09.02.2014, TERESA SCHAUR-WÜNSCH
Es war das erste Haus am Wienerberg: direkt an der Triester Straße, das helle, das sich mit seiner Sechzigerjahre-Architektur vor den modernen Bürotürmen abhebt. Heute ist es ein Geisterhaus. Seit die Firma Philips hier ausgezogen ist, steht das Haus leer. Was nicht heißt, dass es keinen fröhlichen Eindruck auf die Autofahrer machen kann, die sich von Süden her der Stadt nähern – oder sie über den Wienerberg gerade verlassen.
Das hängt allerdings von der Stimmung ab, die in Wien gerade herrscht. Davon, ob die Menschen glücklich, traurig oder wütend sind. Dementsprechend schaut der Smiley auf dem Dach des Hauses nämlich drein. Dahinter stecken die Berliner Künstler Julius von Bismarck und Benjamin Maus und der Österreicher Richard Wilhelmer, alle drei Absolventen der Berliner Universität der Künste (UdK). In der ganzen Stadt haben sie Kameras versteckt, die in den Gesichtern der Wiener lesen– und die Ausdrücke in Echtzeit auf den leuchtenden Smiley übertragen. Gezeigt wird dann der Durchschnitt der aktuellen Stimmungslage.
Software interpretiert Gesichter
Vor fünf Jahren haben die drei Künstler zum ersten Mal von dieser Software gehört, die Emotionen von Gesichtern ablesen kann. „Der Legende nach wurde sie entwickelt, um Verbrechen präventiv zu bekämpfen“, sagt Wilhelmer. „Wir fanden es erschreckend, dass die Überwachung so weit geht, quasi in uns hineinzuschauen.“ Für das Kunstprojekt bekamen sie vom Erfinder, dem Fraunhofer-Institut, den zugrunde liegenden Algorithmus und begannen, damit zu spielen.

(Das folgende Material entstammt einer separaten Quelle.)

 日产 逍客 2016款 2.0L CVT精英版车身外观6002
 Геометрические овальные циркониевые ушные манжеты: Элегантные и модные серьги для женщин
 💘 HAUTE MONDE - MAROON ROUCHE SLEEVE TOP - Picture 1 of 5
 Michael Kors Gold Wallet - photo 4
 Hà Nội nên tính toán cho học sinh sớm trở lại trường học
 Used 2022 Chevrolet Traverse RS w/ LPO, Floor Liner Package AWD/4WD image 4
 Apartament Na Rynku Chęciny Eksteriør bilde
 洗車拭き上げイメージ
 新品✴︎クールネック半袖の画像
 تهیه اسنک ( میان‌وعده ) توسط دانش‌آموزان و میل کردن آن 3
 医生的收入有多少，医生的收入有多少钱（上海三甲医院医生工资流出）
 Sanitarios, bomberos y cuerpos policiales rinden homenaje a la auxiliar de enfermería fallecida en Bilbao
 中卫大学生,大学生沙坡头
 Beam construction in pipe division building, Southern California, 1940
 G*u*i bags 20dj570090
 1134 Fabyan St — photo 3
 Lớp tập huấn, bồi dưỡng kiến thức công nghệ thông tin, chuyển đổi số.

Erstmals zu sehen war ihr Smiley in Berlin, damals nur als großes Display. Für eine Ausstellung in Lindau am Bodensee bauten sie dann die acht Meter hohe Lichtskulptur aus Neonröhren und Stahl („Public Face II“), die das vergangene Jahr wieder in Berlin, im Kreativareal Malzfabrik, verbrachte. Vor nicht einmal drei Wochen erreichte die Künstler schließlich der Anruf aus Wien, wo der neuen Agentur Wiener Räume gerade das leer stehende Philipshaus zur Verfügung steht. Wider Erwarten gelang die kurzfristige Übersiedlung mittels Gabelstapler und Kran.
Datenschutzrechtlich, sagt Wilhelmer, sei das Projekt unbedenklich. „Die Bilder werden nicht gespeichert.“ Bisher seien die Reaktionen ausschließlich positiv gewesen. „Das Schöne an einem Smiley ist, dass man darauf ja auch reagiert. Gleichzeitig waren die Leute auch erschrocken, und haben begonnen, sich zu fragen: ,Was passiert, wenn auch unsere Gefühle nicht mehr privat sind?‘“ Es sind Fragen wie diese, die den 30-Jährigen beschäftigen. „Was ist normal? Was sind unsere Wünsche, und wie entstehen sie?“ Dazu gehöre auch die Frage, wieso heute überhaupt jeder glücklich sein muss. Welches Medium ihm am besten behilflich ist, wird von Fall zu Fall entschieden. Als Zaungast sieht er sich, beim Film wie in der Kunst.
Zehn Jahre ist es her, dass der Judenburger nach der Schule über Nacht nach Berlin ging, und dort von der Partyszene erst einmal so verschluckt wurde, dass er die Aufnahmeprüfung an der UdK verpasste. Im freien Jahr kam er auf die Regie; der damals entwickelte, hoch aufwendige Kurzfilm „U.F.O.s above Berlin“ wurde erst vor Kurzem fertig. Seinen ersten Langfilm drehte Wilhelmer, der in Los Angeles auch Regie studierte, dafür mit geringstem Aufwand. Statt mit Schauspieler Robert Stadlober und Julius von Bismarck auf Urlaub zu fahren, produzierten sie das Beziehungsdrama „Adams Ende“, das zu seiner Überraschung auf Festivals lief, ins Kino kam und beste Kritiken erhielt.
Gern erinnert er sich auch an die Performance „Roman Johnson“, die im gleichen Dunstkreis entstand: Ein New Yorker Freund wurde als berühmter Nascar-Driver ausgegeben und beehrte Society-Veranstaltungen als Promigast. Überhaupt konnte jeder sein, was er wollte. „Model, Designer, Rockstar, jeder hatte ein Pseudonym.“ Es habe eine Weile gedauert, bis die Berliner die Maskerade durchschauten.